Dans un billet synthétique sur l'euro, j'avais montré à quelle impasse aboutissait, pour les pays qui l'ont adopté, la rigidité des taux de change : une perte colossale de compétitivité.
Pour la réduire, là où autrefois on dévaluait, on doit aujourd'hui baisser les prix en baissant les salaires.
Vous n'avez pas entendu François Hollande en parler pendant la campagne électorale ?
Il était probablement occupé à combattre la finance.
Mais aujourd'hui ceux qui n'ont pas besoin d'être élus mais qui savent compter se rappellent à notre bon souvenir : Goldman Sachs vient d'inviter la France à réduire ses salaires de 33%.
Il faut ça en effet pour compenser la surévaluation de l'euro, et dans les pays du sud il faudra deux fois ça : une fois pour compenser la surévaluation de l'euro, une autre pour compenser les écarts de compétitivité internes à la zone euro.
Il faut s'appeler Goldman Sachs pour pouvoir écrire cela sans craindre les électeurs.

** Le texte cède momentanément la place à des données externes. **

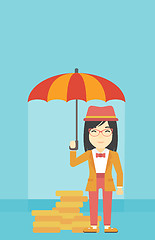 Image showing Business woman with umbrella protecting money.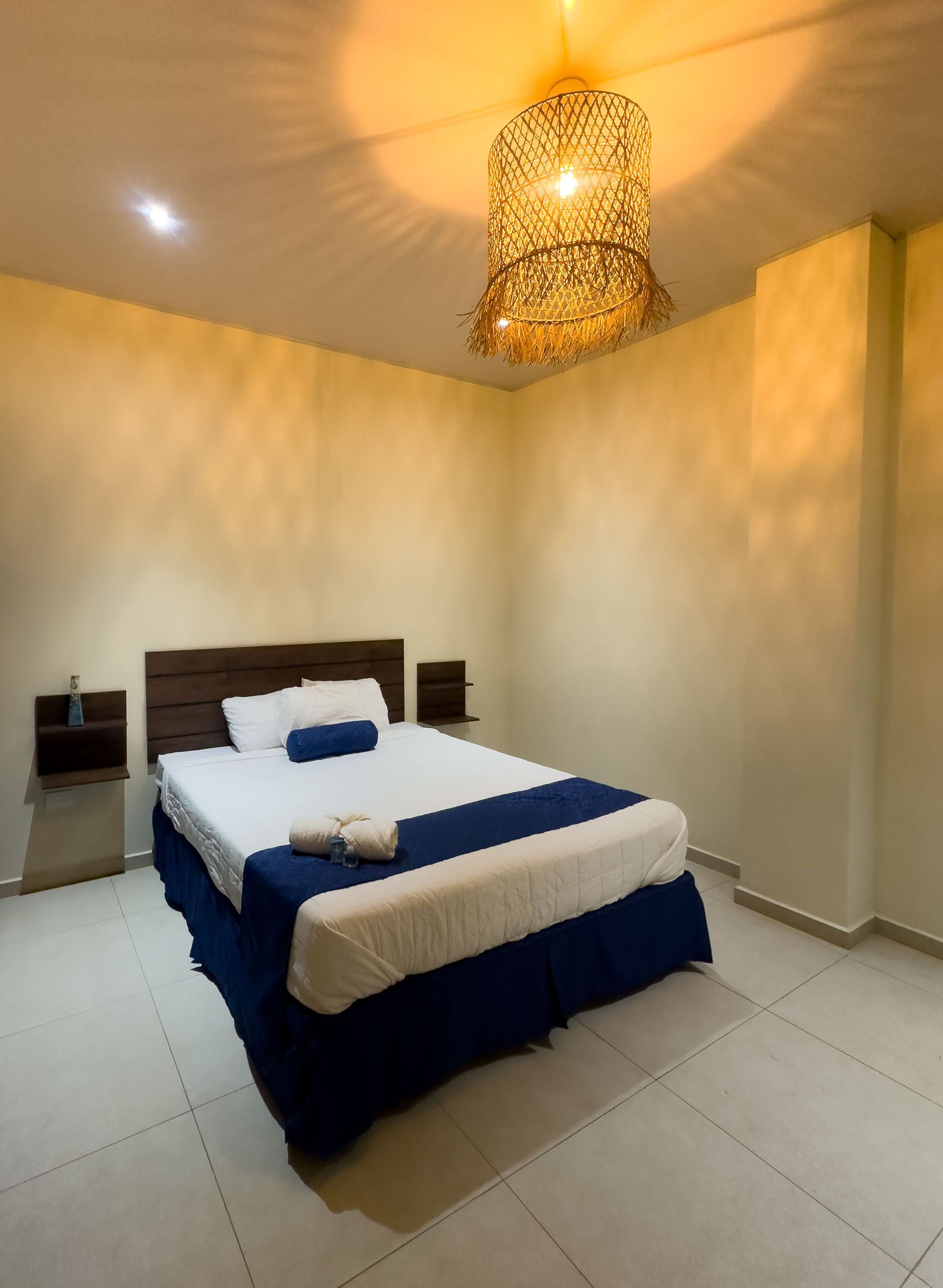 Dormitorio con cama, cabecero de madera, mesitas de noche y lámpara decorativa.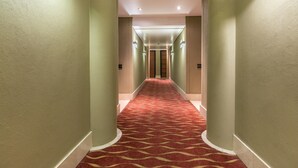 A hotel hallway with a red carpet, beige walls, and recessed lighting. - Raphael Penthouse | Square and Mall and Pool Access (Johannesburg)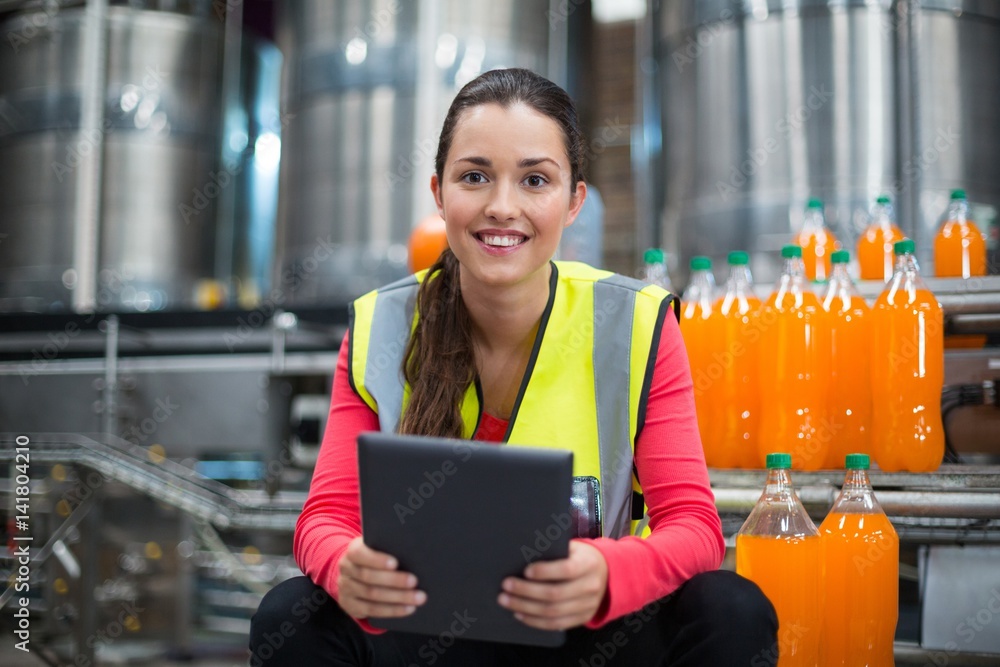 Female factory worker holding digital tablet Female factory worker holding digital tablet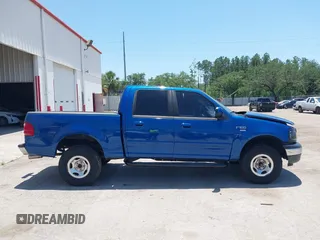 2001 Ford F-150 XLT with VIN 1FTRW07W01KE90204, listed as a IAAI auction lot 42289853 with Not provided miles and . Bid and sale history available at DreamBid. Image 13.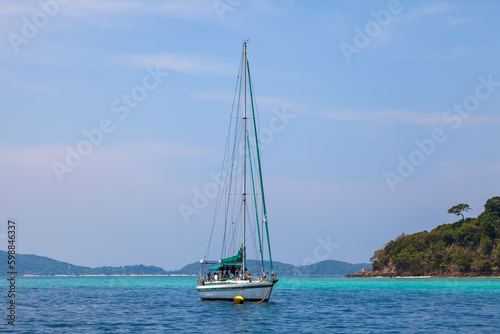 Fototapeta Naklejka Na Ścianę i Meble -  A yacht with masts in the Andaman Sea for traveling with family and friends. Voyage while on vacation in hot countries.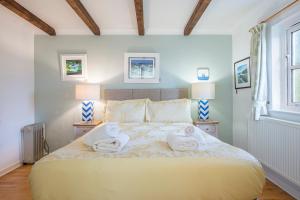 a bedroom with a large bed with towels on it at Willowcot Cottage in Haverfordwest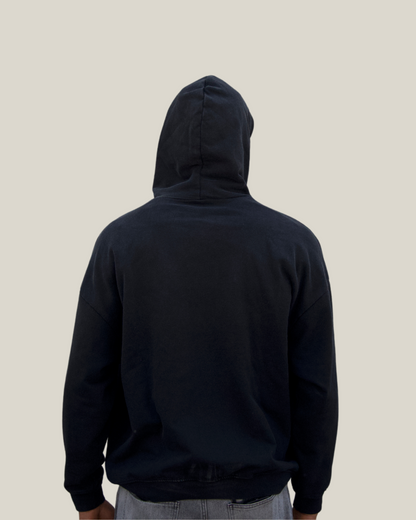 Person wearing a black hoodie from behind on a beige background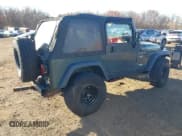 ✅ 2002 Jeep Wrangler Sport • VIN: 1J4FA49S52P755359 • Лот: 43712663. Опубликован ранее на IAAI с пробегом 144 014 миль. Бесплатный доступ к архиву аукционных продаж из США и подробный отчёт об истории автомобиля на DreamBid. Изображение 4.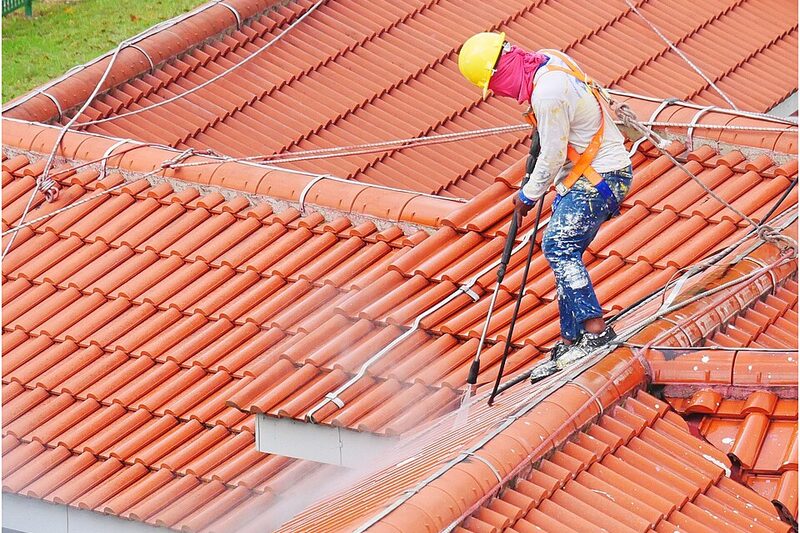 Worker pressure-washing a tiled residential roof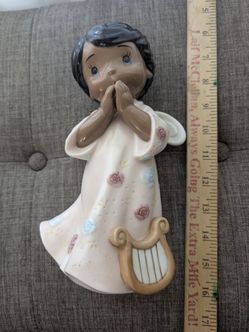 Brown praying angel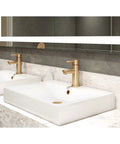 Low-Flow Brushed Bronze Single Hole Bathroom Faucet With Drain Assembly installation on white marble countertop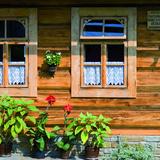 Drewniana ściana domu z podmurówką z kamieni, zbudowana z beli, z drewnianymi dwoma oknami, z wiszącymi zazdrostkami. Pomiędzy oknami i pod nimi kwiaty w doniczkach stojących na schodach z kamieni. Po prawej stronie przy oknie tabliczka z napisem 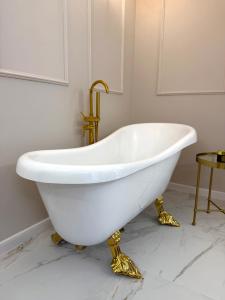 eine weiße Badewanne mit goldenen Beinen im Bad in der Unterkunft Golden Eden Wieniawska - Rezydencja Ogród Saski in Lublin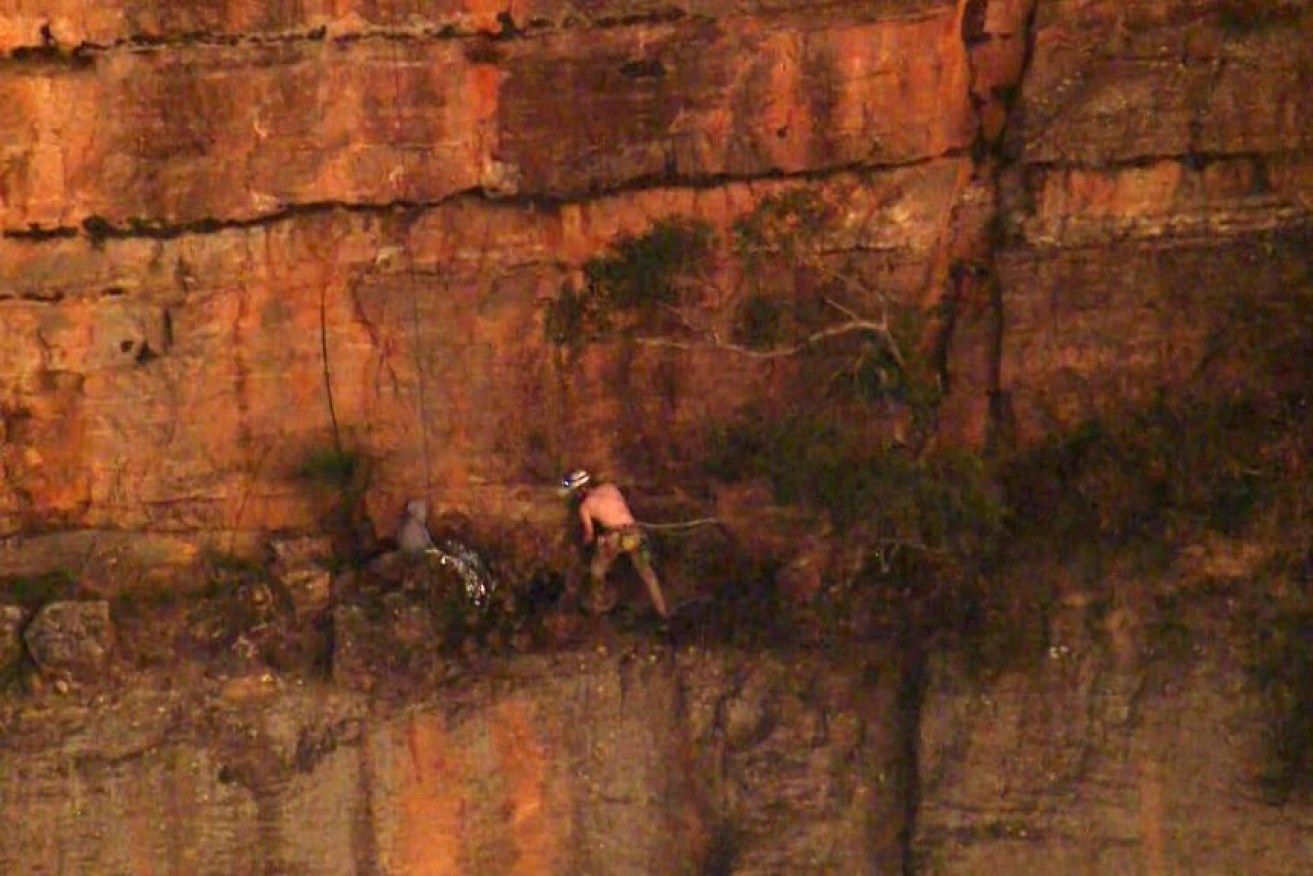 The injured climber spent the night on the narrow ledge high in the Blue Mountains.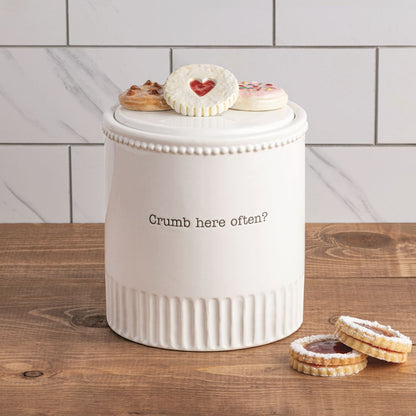 White cookie jar with cookies on a wooden surface and tiled wall background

Notre bon gouvernement a, lui, des échéances électorales, et ne peut claironner que c'est en effet dans ce cadre général qu'il lui faut travailler.
Nous n'aurons donc pas de baisse des salaires de 33%, mais une lente diminution du pouvoir d'achat de tous les revenus.
Par exemple, nous dit Le Monde, le gouvernement trouve que les retraités vont devoir payer. Un autre papier du Monde nous apprend que "L'objectif est de rassurer Bruxelles et les marchés financiers".
Une dévaluation suffirait à faire rentrer des revenus et à renflouer nombre de caisses, publiques, privées et parapubliques.
Mais les minauderies ministérielles puis présidentielles françaises, qui ont visé à élever timidement la voix pour affirmer que peut-être l'euro était-il un chouia trop fort, n'ont reçu aucun écho.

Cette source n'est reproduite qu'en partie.